Task to complete:
Transcribe all the data below exactly, leaving its pictures out.

Material shown:
*** Begin section ***

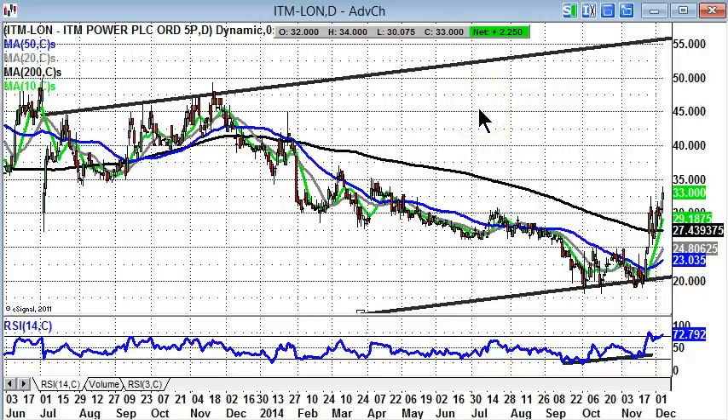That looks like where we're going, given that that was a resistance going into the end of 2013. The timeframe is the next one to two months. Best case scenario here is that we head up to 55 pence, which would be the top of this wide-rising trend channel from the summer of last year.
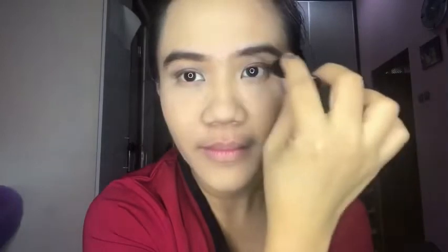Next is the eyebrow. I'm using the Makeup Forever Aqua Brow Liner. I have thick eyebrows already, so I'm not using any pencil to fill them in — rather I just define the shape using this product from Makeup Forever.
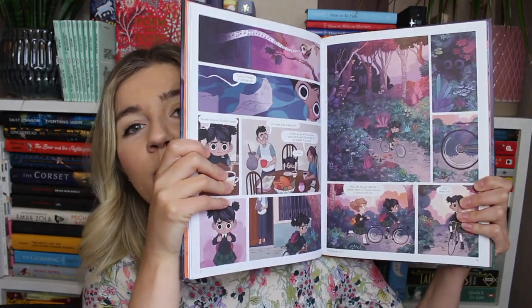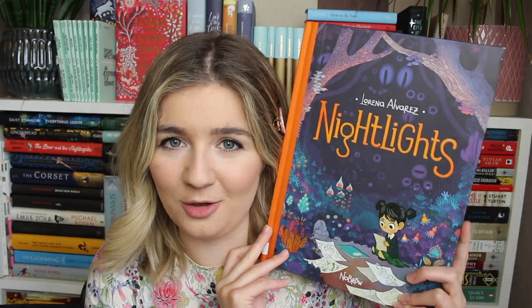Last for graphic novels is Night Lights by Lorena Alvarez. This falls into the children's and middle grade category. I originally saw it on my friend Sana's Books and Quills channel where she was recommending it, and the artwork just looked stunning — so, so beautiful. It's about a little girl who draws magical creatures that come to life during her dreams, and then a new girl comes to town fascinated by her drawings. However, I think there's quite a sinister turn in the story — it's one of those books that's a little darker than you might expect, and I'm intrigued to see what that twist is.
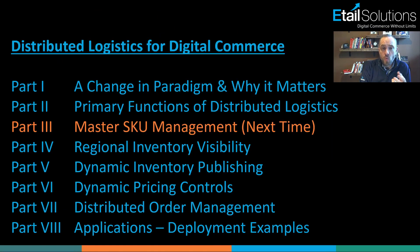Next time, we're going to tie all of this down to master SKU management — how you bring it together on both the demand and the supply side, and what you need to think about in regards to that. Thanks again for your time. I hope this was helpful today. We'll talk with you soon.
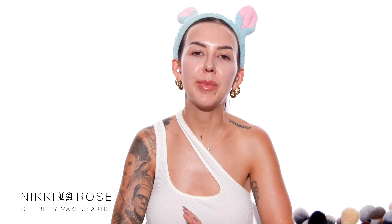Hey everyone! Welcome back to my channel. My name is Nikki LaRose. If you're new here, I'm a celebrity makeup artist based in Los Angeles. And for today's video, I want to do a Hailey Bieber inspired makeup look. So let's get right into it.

*** End section ***

Reply to the task:
That looks like where we're going, given that that was a resistance going into the end of 2013. The timeframe is the next one to two months. Best case scenario here is that we head up to 55 pence, which would be the top of this wide-rising trend channel from the summer of last year.
Next is the eyebrow. I'm using the Makeup Forever Aqua Brow Liner. I have thick eyebrows already, so I'm not using any pencil to fill them in — rather I just define the shape using this product from Makeup Forever.
Last for graphic novels is Night Lights by Lorena Alvarez. This falls into the children's and middle grade category. I originally saw it on my friend Sana's Books and Quills channel where she was recommending it, and the artwork just looked stunning — so, so beautiful. It's about a little girl who draws magical creatures that come to life during her dreams, and then a new girl comes to town fascinated by her drawings. However, I think there's quite a sinister turn in the story — it's one of those books that's a little darker than you might expect, and I'm intrigued to see what that twist is.
Next time, we're going to tie all of this down to master SKU management — how you bring it together on both the demand and the supply side, and what you need to think about in regards to that. Thanks again for your time. I hope this was helpful today. We'll talk with you soon.
Hey everyone! Welcome back to my channel. My name is Nikki LaRose. If you're new here, I'm a celebrity makeup artist based in Los Angeles. And for today's video, I want to do a Hailey Bieber inspired makeup look. So let's get right into it.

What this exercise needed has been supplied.